**** Record extracts

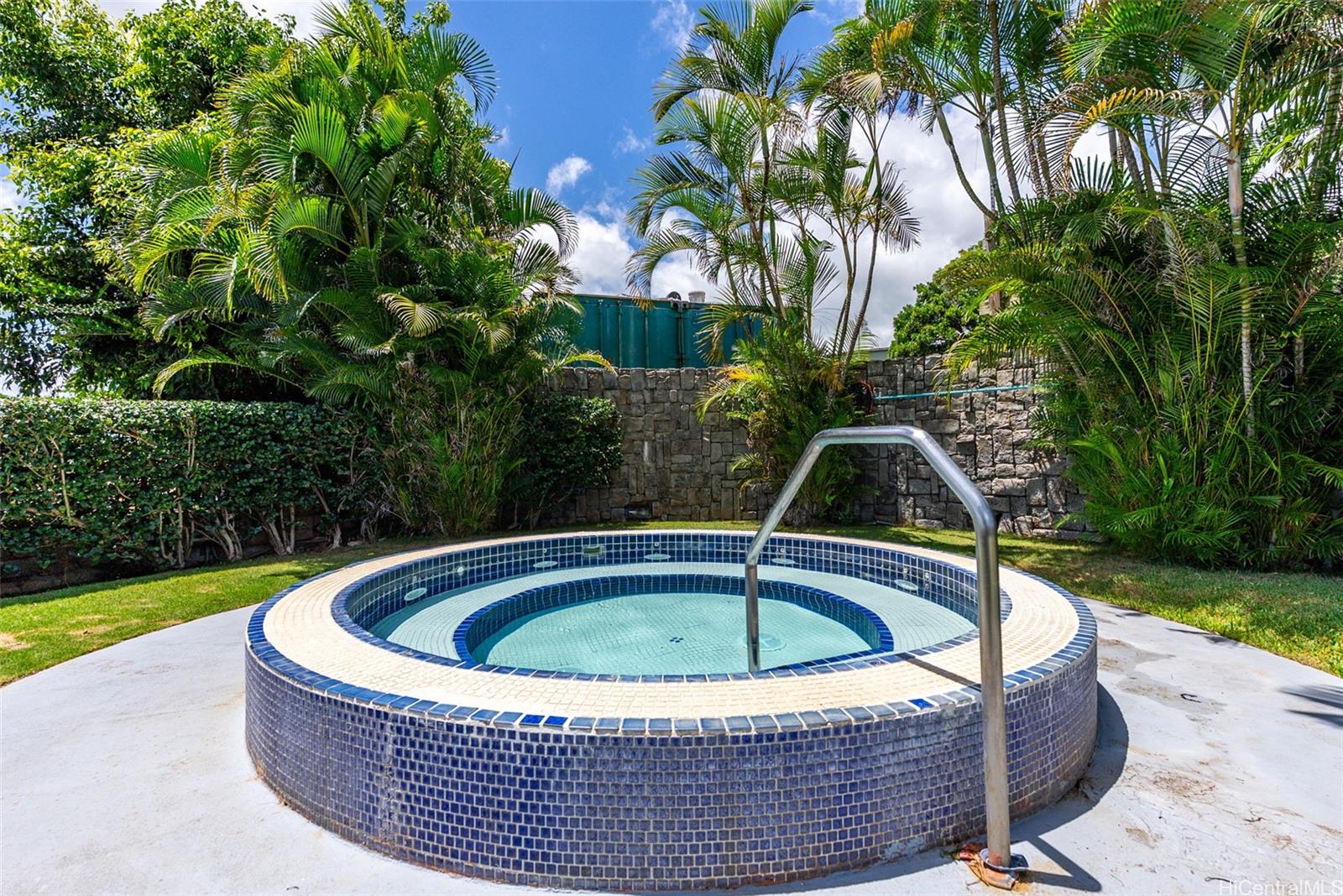 【中古】 Blue Scene In Hawaii What Was the Strange Blue Whirlpool in the Sky Over Hawaii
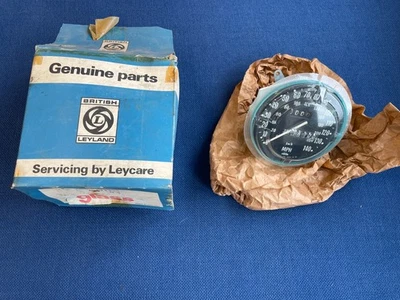 NOS Rover P6 3500 & 3500S Speedometer Series 2 1970 onwards (Rover # 563308) V8 - Image 1 of 4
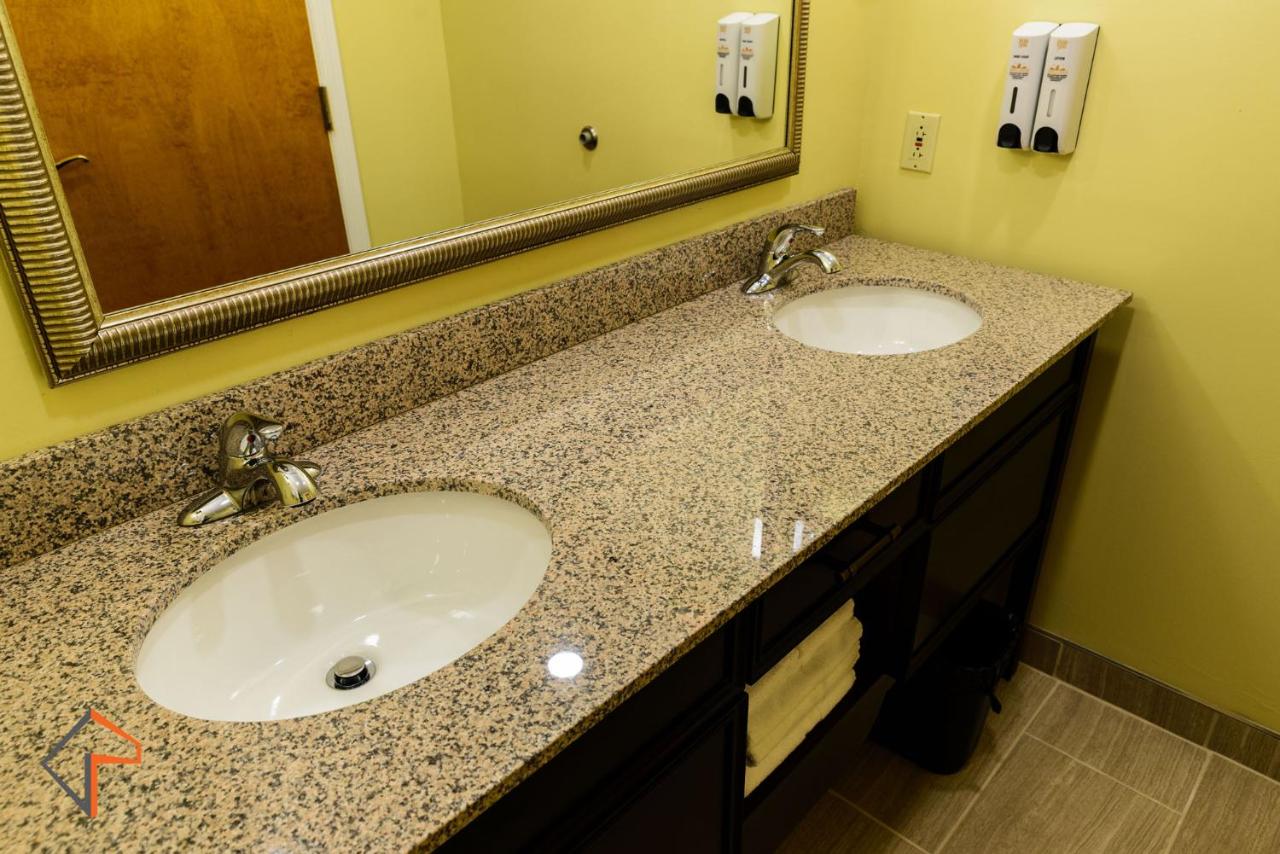 Asbury Inn & Suites — photo 11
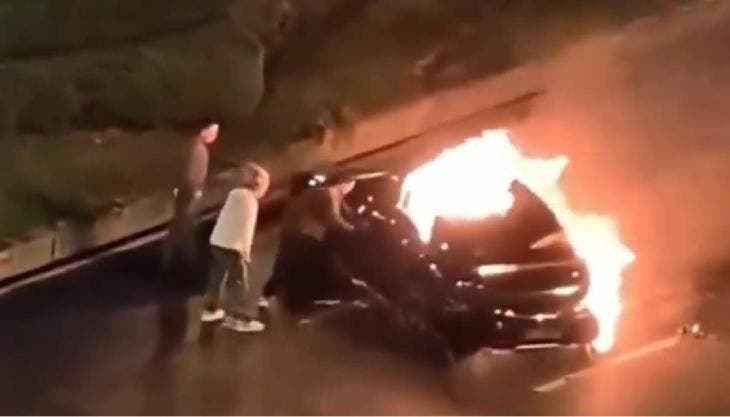 incendio auto china
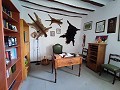 Schönes Landhaus mit 6 Schlafzimmern und 1 Bad in Yecla. in Real Estate Alicante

********

Exercise brief >>
Please retype, exactly and only, the lines from the one holding "Asbury Inn & Suites — photo 11" to the end of the entries, both ends included, without any pictures.

Output >>
 Asbury Inn & Suites — photo 11
 incendio auto china
 Schönes Landhaus mit 6 Schlafzimmern und 1 Bad in Yecla. in Real Estate Alicante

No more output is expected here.